The World Gold Council (WGC) would soon submit a blueprint to the government on spot exchanges, its managing director for India operations said at an ASSOCHAM event held in New Delhi. Somasundaram PR, managing director-India, WGC noted at the ASSOCHAM International Gold Summit stated that a WGC led steering committee which has got all trade associations, key international banks and bullion banks, has been working on the spot exchange blueprint for last six-seven months. It just now finalised what the spot exchange should be and the council will be releasing that both to the government, policymakers and others.
Highlighting that demand for gold is likely to remain subdued in the current calendar year, Somasundarm said that while the demand for gold in the first half was seven per cent down compared to last year, the WGC expects it to pick up in the second half. However, it will still be another very subdued year for demand and he expects the demand to be 700-800 tonnes.
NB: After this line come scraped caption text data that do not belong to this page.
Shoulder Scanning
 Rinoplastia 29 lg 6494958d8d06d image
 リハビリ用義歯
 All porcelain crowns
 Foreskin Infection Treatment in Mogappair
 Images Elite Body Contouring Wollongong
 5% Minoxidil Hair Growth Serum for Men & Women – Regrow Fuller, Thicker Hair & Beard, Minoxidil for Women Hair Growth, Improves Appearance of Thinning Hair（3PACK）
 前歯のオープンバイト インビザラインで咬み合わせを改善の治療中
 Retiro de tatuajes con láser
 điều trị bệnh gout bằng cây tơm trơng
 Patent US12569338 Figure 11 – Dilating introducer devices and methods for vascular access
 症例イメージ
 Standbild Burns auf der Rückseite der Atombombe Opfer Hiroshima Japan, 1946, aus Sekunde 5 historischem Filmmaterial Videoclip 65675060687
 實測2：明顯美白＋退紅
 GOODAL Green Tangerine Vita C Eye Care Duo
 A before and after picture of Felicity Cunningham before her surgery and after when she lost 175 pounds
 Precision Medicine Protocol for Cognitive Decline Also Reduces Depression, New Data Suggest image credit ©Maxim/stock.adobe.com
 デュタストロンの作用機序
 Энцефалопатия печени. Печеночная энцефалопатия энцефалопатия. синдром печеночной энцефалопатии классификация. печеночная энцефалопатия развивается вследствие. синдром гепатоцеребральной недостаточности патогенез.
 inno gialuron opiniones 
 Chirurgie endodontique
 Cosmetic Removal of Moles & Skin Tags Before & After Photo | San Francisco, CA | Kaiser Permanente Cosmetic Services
There is no specific catalyst to drive the demand up, while international gold price has come down by 8-10%, Indian price has gone up by 13-14% and GST (Goods and Services Tax) is also causing a lot of transition, according to him. However, reforms like GST and demonetisation have actually led to gold buying becoming a lot more organised, more so as grey market is also becoming weak, thus it is a good time for gold to become mainstream because of demand remaining subdued.
He said that considering gold demand is influenced more by increase in income; the WGC expects that demand for gold will slowly go back, by 2020 to 800-900 tonnes. Somasundaram also said that government should refrain from imposing any restriction on gold as market is very subdued right now. The CAD is purely because of oil and the rupee depreciation is because equity market money is going out, it has nothing to do with people buying gold.